▽

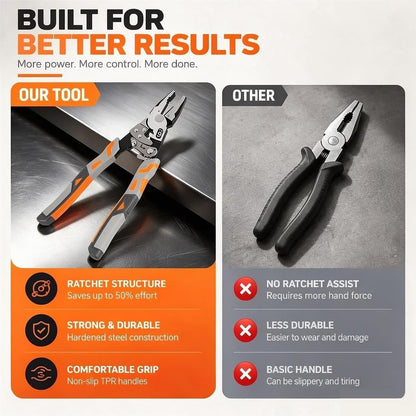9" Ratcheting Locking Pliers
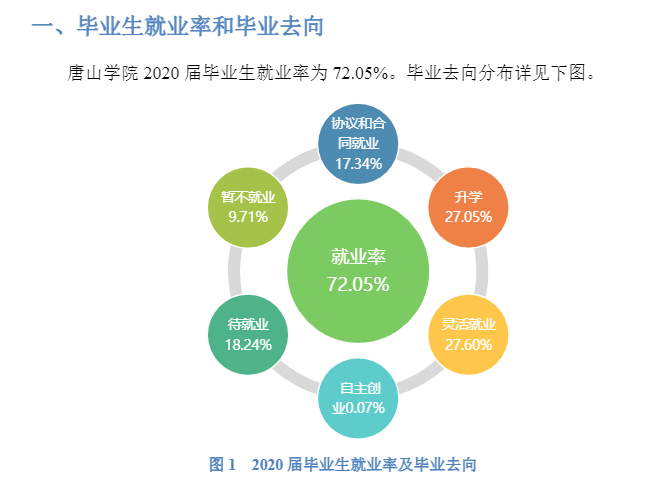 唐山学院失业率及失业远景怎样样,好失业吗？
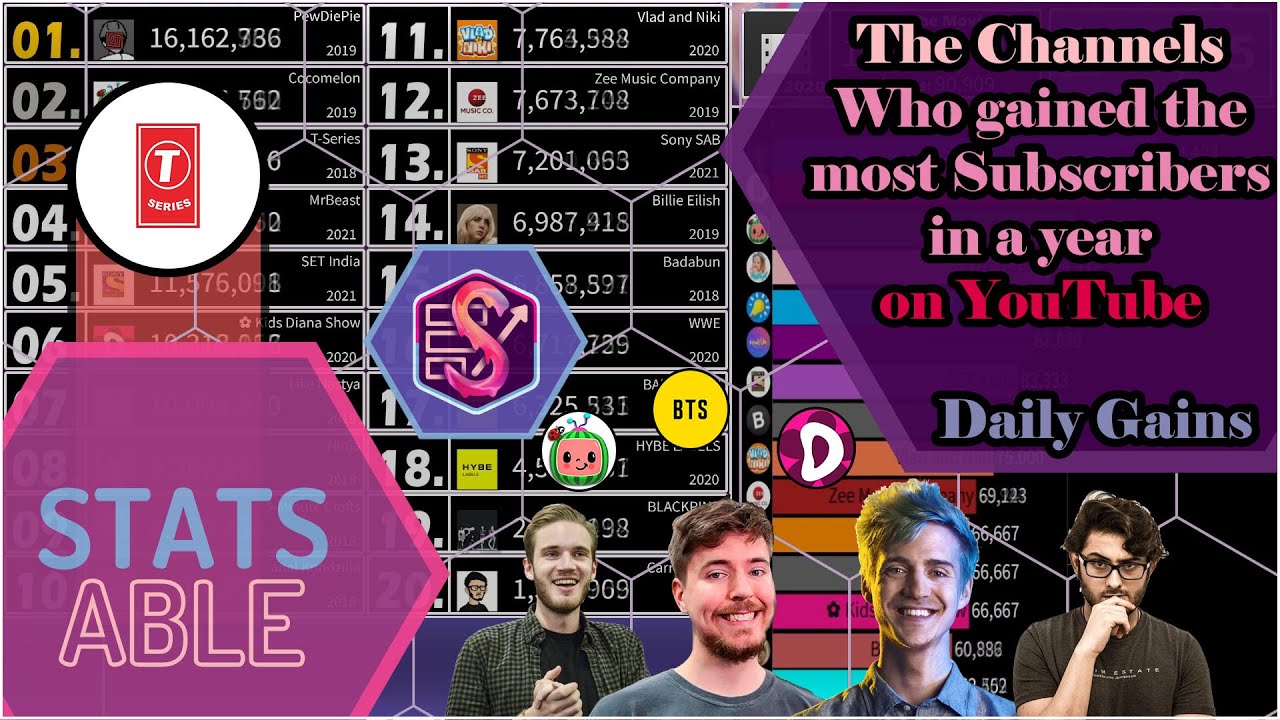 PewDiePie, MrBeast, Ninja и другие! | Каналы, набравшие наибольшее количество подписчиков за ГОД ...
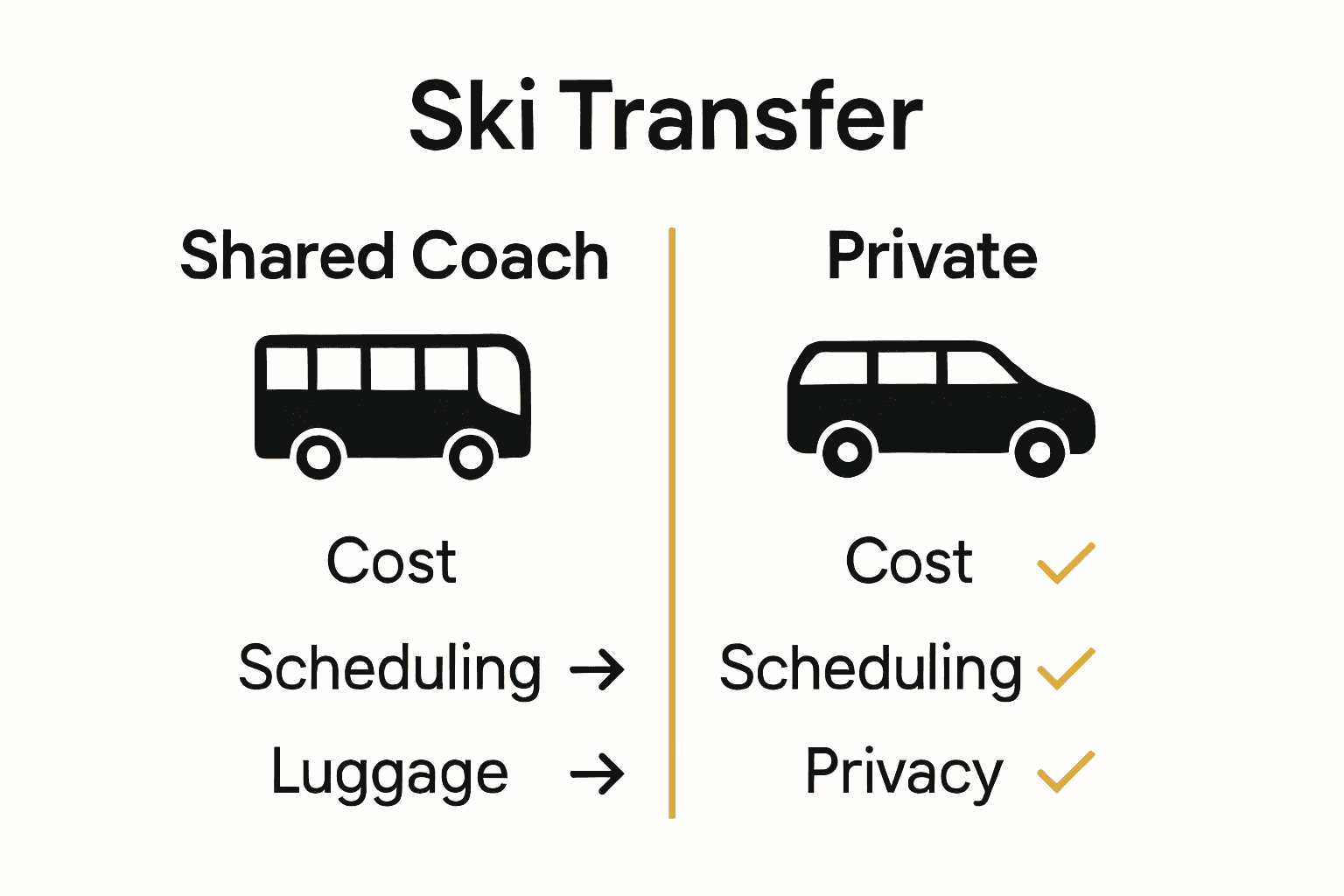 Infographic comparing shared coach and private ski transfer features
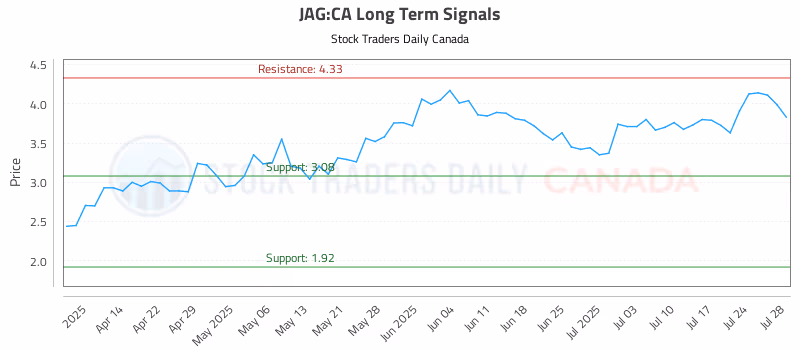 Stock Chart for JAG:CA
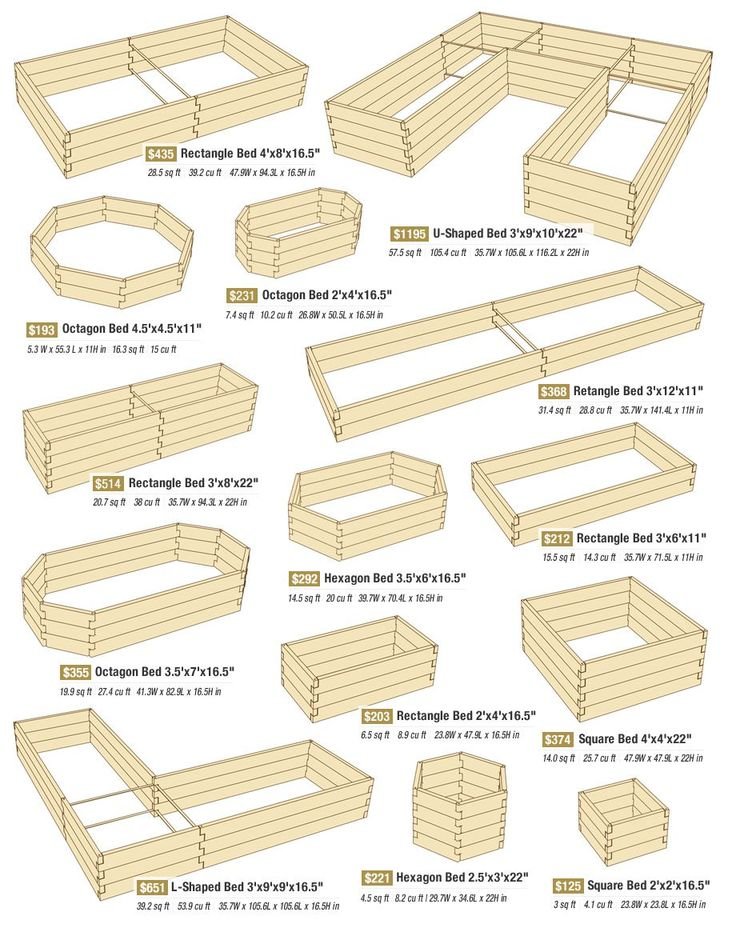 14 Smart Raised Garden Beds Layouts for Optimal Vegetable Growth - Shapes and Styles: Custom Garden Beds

△

** EXERCISE **
Go through the entries above and output them exactly, without pictures.

** ANSWER SECTION **
9" Ratcheting Locking Pliers
 唐山学院失业率及失业远景怎样样,好失业吗？
 PewDiePie, MrBeast, Ninja и другие! | Каналы, набравшие наибольшее количество подписчиков за ГОД ...
 Infographic comparing shared coach and private ski transfer features
 Stock Chart for JAG:CA
 14 Smart Raised Garden Beds Layouts for Optimal Vegetable Growth - Shapes and Styles: Custom Garden Beds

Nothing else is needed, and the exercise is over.